Nutcracker Remake: Should One of the Greats be Changed?
Nutcracker Remake: Preservation or Progress
This article is not a review of the upcoming movie. It is not to persuade or dissuade people from seeing it. But there is a question that ought to be considered. Much of the footwork in the remake of this classic ballet comes from sword fighting. Mother Ginger or the Sugar Plum Fairies have taken a backseat. The action and scenery seem to fill the role once occupied by the dance routines and the score. I’m not saying that makes the movie a bad movie or anything else. But the one thing this Nutcracker Remake is not, a Classical Ballet performance with master dancers at the center stage of every scene. You can read more about the history and role it has played in dance in America here.
Other Remakes of Classics:
The Nutcracker Remake is by no means the first time a classic piece of art has been remade. Given how venerated and ubiquitous the Nutcracker is, the mist comparable work of art to be remade in such a drastic fashion, might be Romeo and Juliet. Now Arthur Laurents did not write West Side Story because he thought Shakespeare was a hack that ruined a great idea for a story. He wanted to honor the story and express the themes as they related to the world around him.
Even satirical remakes of classics should not necessarily be off limits. Mel Brooks respects George Lucas and the Star Wars Trilogy, but he still made Spaceballs. Telling a story to a different audience or in a different time period or with a little more levity does not mean the piece has been shamed or in the case of Spaceballs, no longer conveys the courage of refusing to be told the odds and to fight for what’s right.

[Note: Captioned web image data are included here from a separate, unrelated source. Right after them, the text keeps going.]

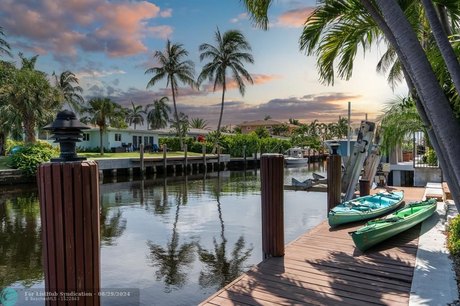 LOCATION! Nestled at the end of the cul de sac with SE Exposure - Beach Home for sale in Pompano Beach, Florida on Beachhouse.com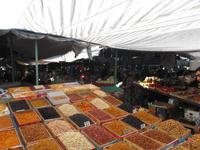 Besuch auf dem Wochenmarkt von Sheki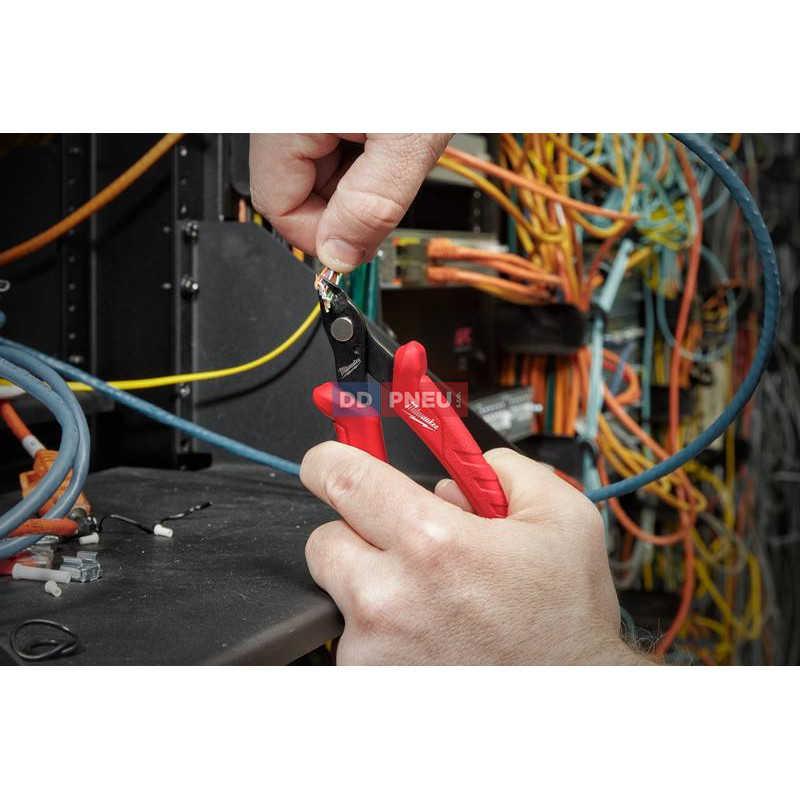 Mini štiepacie kliešte Milwaukee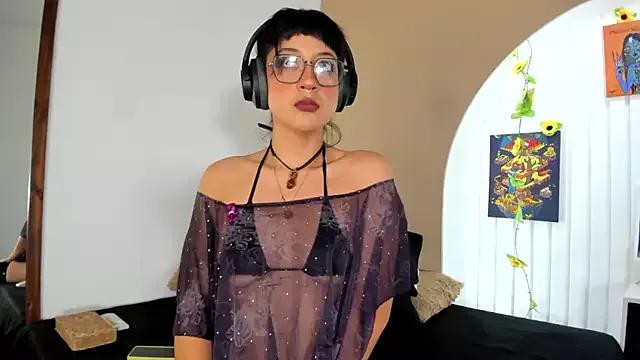 caraenaranja from StripChat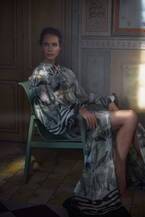 H&M 廃棄物のリサイクル素材が「ウェディングドレス」に変身、鉄くずで作るジュエリーなど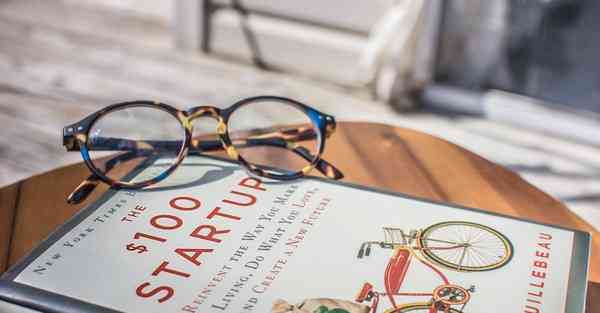 恋与制作人同人李泽言_恋与制作人同人文字图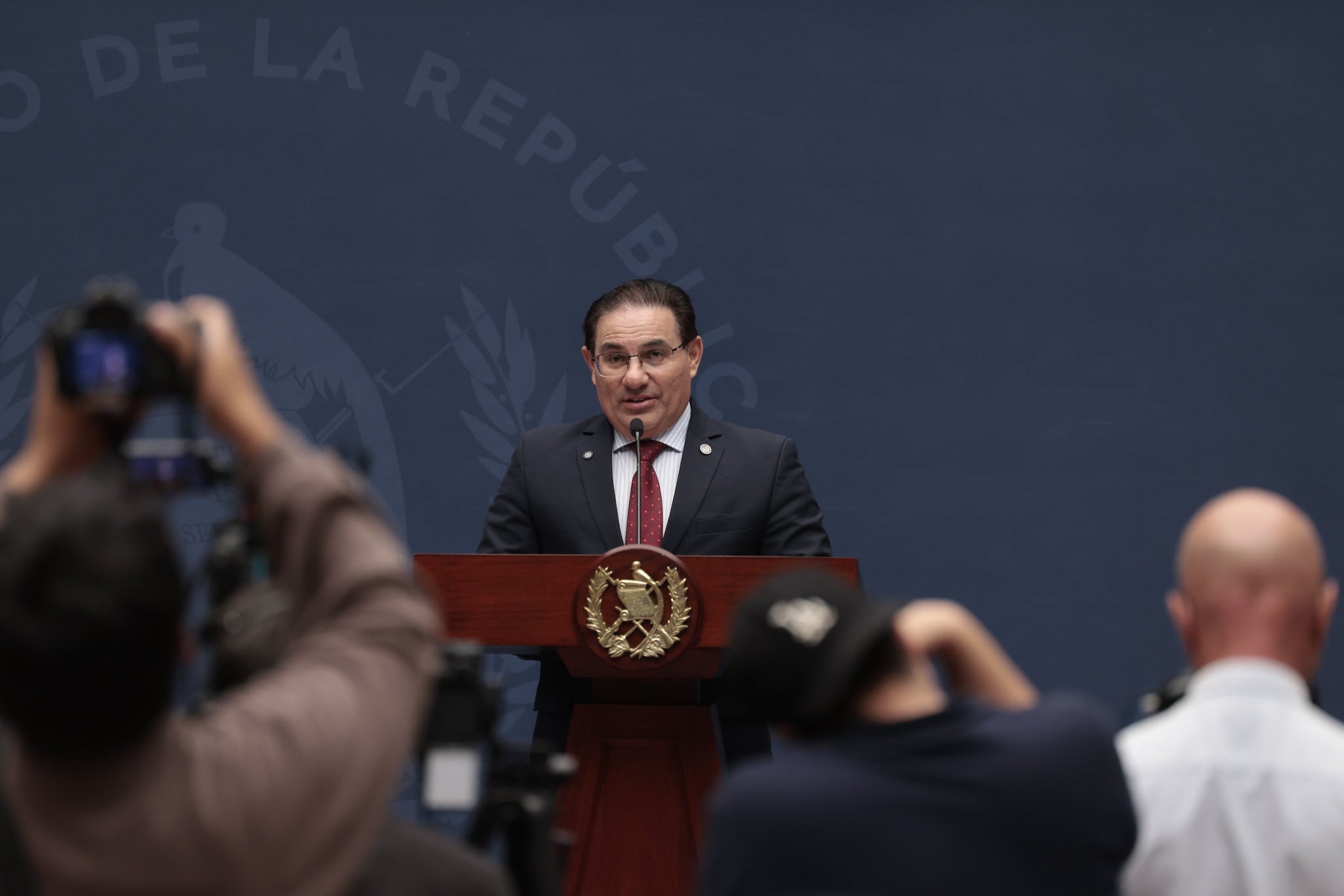 El ministro de Gobernación, Marco Antonio Villeda, informó sobre el avance de las conversaciones con el FBI para el regreso del Grupo Vulcano, durante la conferencia de prensa La Ronda. (Gobierno de Guatemala) (Ministerio de Gobernación Guatemala)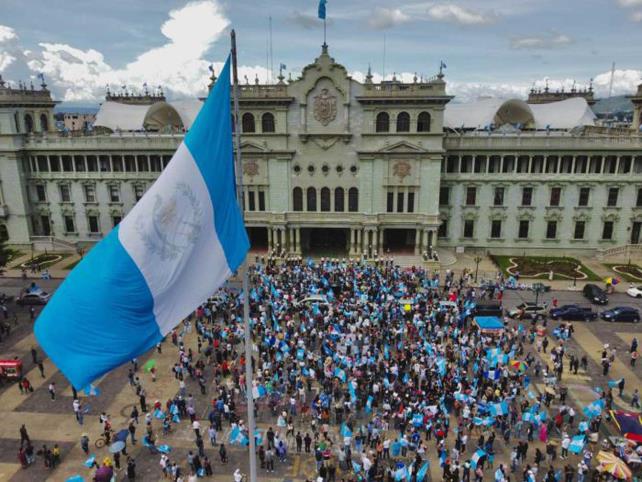 Golpe en Guatemala sería demoledor para la democracia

Ultimately the Opinion is Yours
While it is my opinion that remakes on classics are not necessary, nor are not bad either. What is important that is that if a remake is going to be made it should be in an attempt to honor, respect, and preserve the memory of the original. But as art forms progress, not every work of art has to progress with it. And Nutcracker Remake surely is not necessary, but the value in art is not a simple necessity. But there are two points of interest, I believe, are unique to the Nutcracker Remake situation.
1. The practice of Classical Ballet is beginning to dwindle. Some fear it will eventually be a lost art without true dance masters. So should we be concerned that most well recognized and performed piece of Classical Ballet is falling subject to pop culture and possibly morphed into another modern dance work?
2. Despite all the concern of the art of Classical Ballet being missing from the Nutcracker Remake, Misty Copeland, one of the most renowned classical ballet dancers of her generation, does have a role in the film. It is an interesting fact to consider, regardless of what effect, if any, her accepting a role in this movie has on your opinion in this matter.